Once the pictures are set aside, copy the data below exactly as it stands.

• _Material provided_:
════════════════

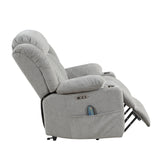 Omni Blue Power Lift Chair With Massage Heat And Charging Port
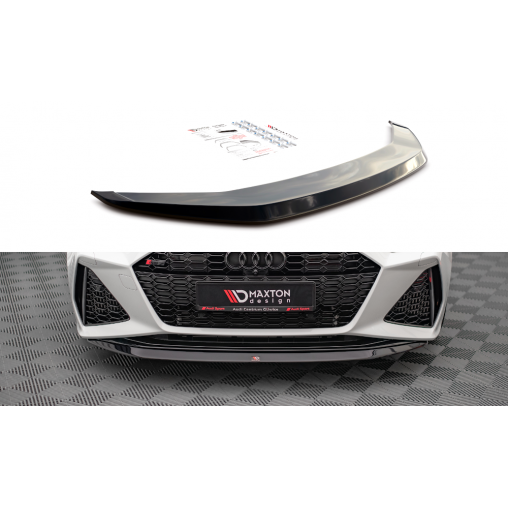MAXTON Lame Du Pare-Chocs Avant V.3 Audi RS6 C8 / RS7 C8 MAXTON Lame Du Pare-Chocs Avant V.3 Audi RS6 C8 / RS7 C8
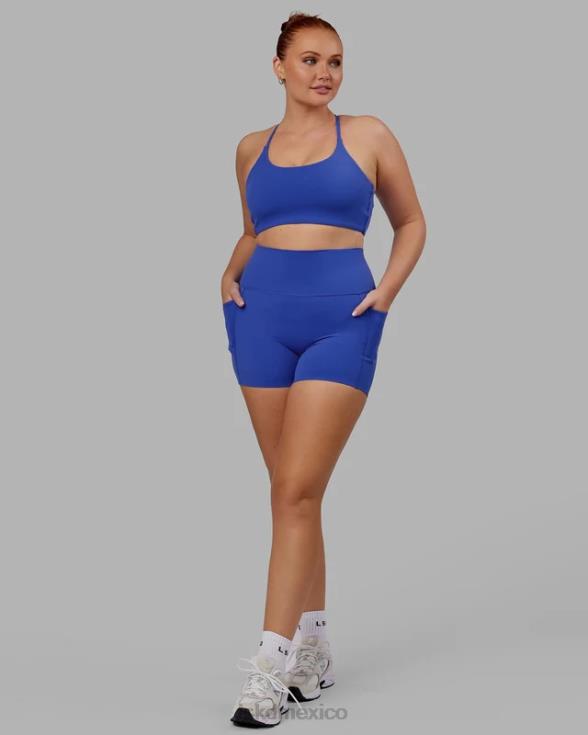 pantalón corto elixir x-length con bolsillos - power cobalt mujer LSKD VP42D598 vestir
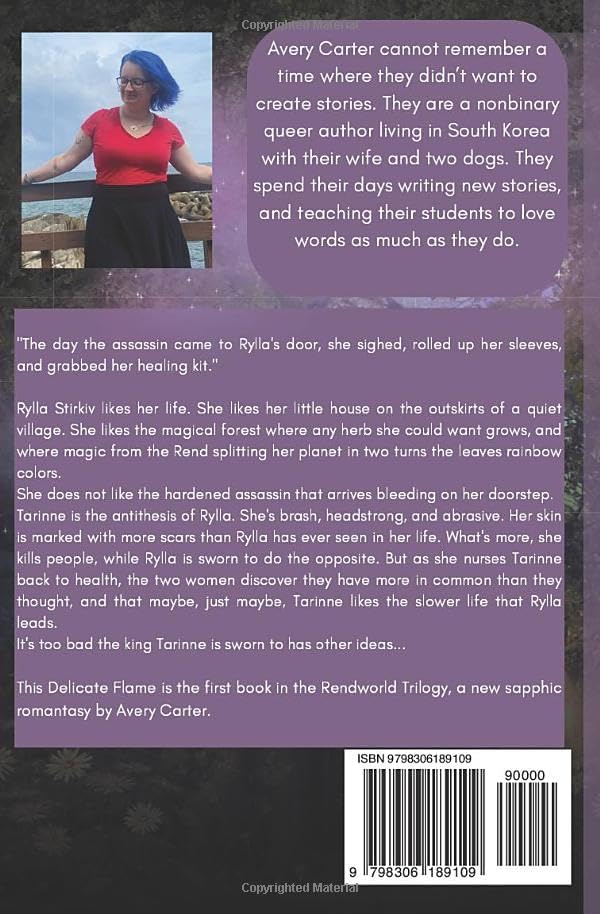 This Delicate Flame: A Cozy Sapphic Romantasy (The Rendworld Trilogy) by Avery Carter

════════════════

• _Answer to this problem_:
 Omni Blue Power Lift Chair With Massage Heat And Charging Port
MAXTON Lame Du Pare-Chocs Avant V.3 Audi RS6 C8 / RS7 C8 MAXTON Lame Du Pare-Chocs Avant V.3 Audi RS6 C8 / RS7 C8
 pantalón corto elixir x-length con bolsillos - power cobalt mujer LSKD VP42D598 vestir
 This Delicate Flame: A Cozy Sapphic Romantasy (The Rendworld Trilogy) by Avery Carter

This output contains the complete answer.